Я заранее принял душ, побрился и надел старый добрый смок с черным галстуком. Если бы я шел просто поесть супа и рыбы, я бы, наверное, оделся повеселее. Но я хотел выглядеть достаточно официально, чтобы Луиз почувствовала себя неуютно без драгоценностей. Странно, конечно, но я сам начал чувствовать себя неуютно от собственной подлой затеи.
Луиз взяла меня за обе руки и увлекла к дивану, стоявшему перед широким окном.
– Посидим здесь, Шелл. Может, выпьем чего-нибудь на дорожку?
– Грандиозная идея! – приветствовал я это предложение.
– Тебе придется удовольствоваться тем, что у меня есть. Но это не так уж плохо.
Она все еще держала меня за руки, стоя спиной к окну, и бледный уличный свет мягко обрисовал ее талию и линию бедер.
– Звучит завораживающе, – ответил я, крепче сжимая ее пальцы.
Она высвободила руки и сказала с улыбкой:
– Я имела в виду ром с кока-колой.
– Этого-то я и боялся, – пошутил я.
Я повернулся к окну и смотрел на улицу, пока она не принесла напитки. Мы мило поболтали о том о сем, – настолько мило, что я успел пожелать, чтобы этот разговор никогда не кончался; и я подумал, что, пожалуй, Луиз нравится мне чуть больше, чем надо для дела.

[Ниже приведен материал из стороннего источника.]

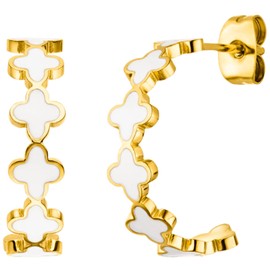 Razzberry Gold Plated Stainless Steel Four Leaf Clover Hoop Earrings, 2cm Drop, Waterproof Hypoallergenic, included Gift Pouch (White)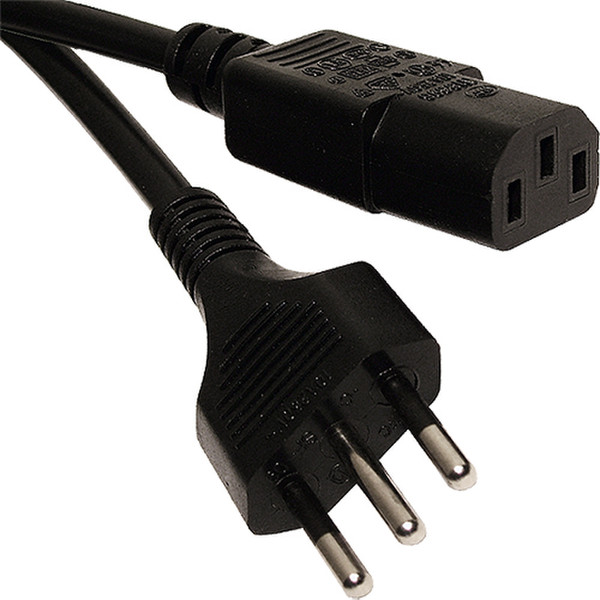 Cablenet 42 0566 2.5m Power plug type L C13 coupler Black power cable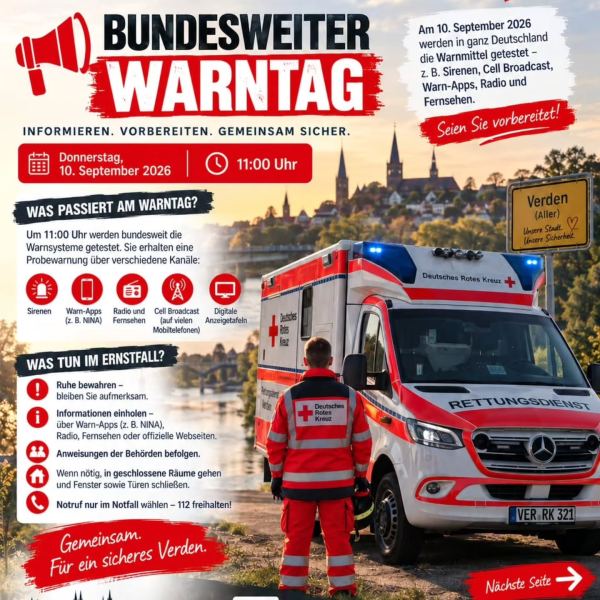 Am Donnerstag, den 10.09.2026 ist bundesweiter Warntag. Um 11 Uhr wird der Probealarm per Cellbroadcast, Sirene, Warnapps (NINA, BIWAPP, o. 
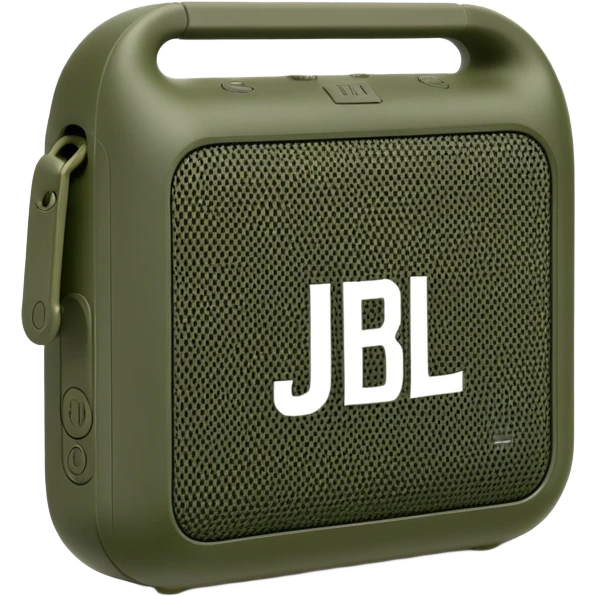 Simple JBL Go Clip 4 portable speaker, military green color, minimal design, iOS emoji style emoji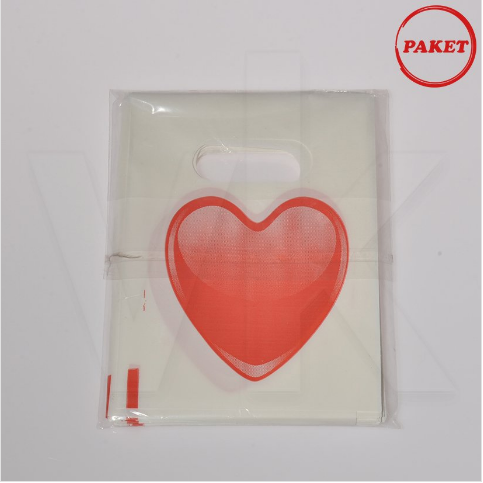  - El Geçme Poşet Kalp Baskılı Hediyelik 100'lü Paket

Когда мы покончили с питьем, было уже девять тридцать.
– Ты готова, Луиз? – спросил я.
– Да-да. Только возьму накидку...
Я прошел за ней до дверей спальни. Она взяла с кровати нечто, напоминающее норковое манто, набросила его на плечи и продефилировала мимо меня. На ней не было ни единого бриллианта, ни браслета, ни ожерелья. Не было даже колечка.
Я открыл рот, чтобы высказаться по этому поводу, но запнулся. Вся эта затея уже не казалась мне ни остроумной, ни забавной. Все же я заставил себя выговорить:
– Я тут весь упакован, застегнут на все пуговицы и запонки, облит мужским лосьоном после бритья. А на тебе нет даже часиков. Придется купить тебе пару безделушек.
Вышло это у меня плоско, невыразительно и до противного выявило мои намерения. Ведь я же не знал, что сказал ей Пушка, пока я лежал без сознания в «Обители Зефира». Точно так же и что он сказал ей вчера, вручая Дианин браслет. Она могла знать, что Пушка презентовал ей краденое украшение, она могла быть даже его соучастницей; она могла подозревать, что вещь украдена, а могла думать, что это недорогая подделка. Браслета у нее могло сейчас и не быть, это мог оказаться вовсе и не Дианин браслет. Но я обязан был все это выяснить, а вместо этого сам себя посадил в лужу своей неуклюжей игрой.
Однако, если даже Луиз и ожидала, что я заведу речь о драгоценностях, то, во всяком случае, не подала виду. Она продолжала улыбаться по-прежнему, светло и радостно, но улыбка ее словно ополовинилась, и что-то новое появилось в темных глазах.
– Наверное, ты прав, Шелл, – сказала она. – Пожалуй, мне надо что-нибудь надеть.
Она отвернулась от меня и подошла к туалетному столику у левой стены. Открыв второй сверху ящик, она вынула квадратную коробку.
– Раз так, то помоги мне выбрать, – попросила она, не глядя мне в глаза. – Что мне сегодня надеть?
Она открыла коробку, но не двинулась с места, наблюдая, как я подхожу и заглядываю внутрь, на россыпь хрустально-белых и красных камней, браслетов, цепочек и заколок.
Он был там – браслет со змеиной головой: рубиновые глаза и золотой раздвоенный язык, высунутый из пасти. Я вынул его.
– Как тебе этот?
В этот момент, по моим представлениям, и должен был произойти взрыв. Но она, не дрогнув, продолжала вести свою линию, как будто ни один из нас не дурил другого.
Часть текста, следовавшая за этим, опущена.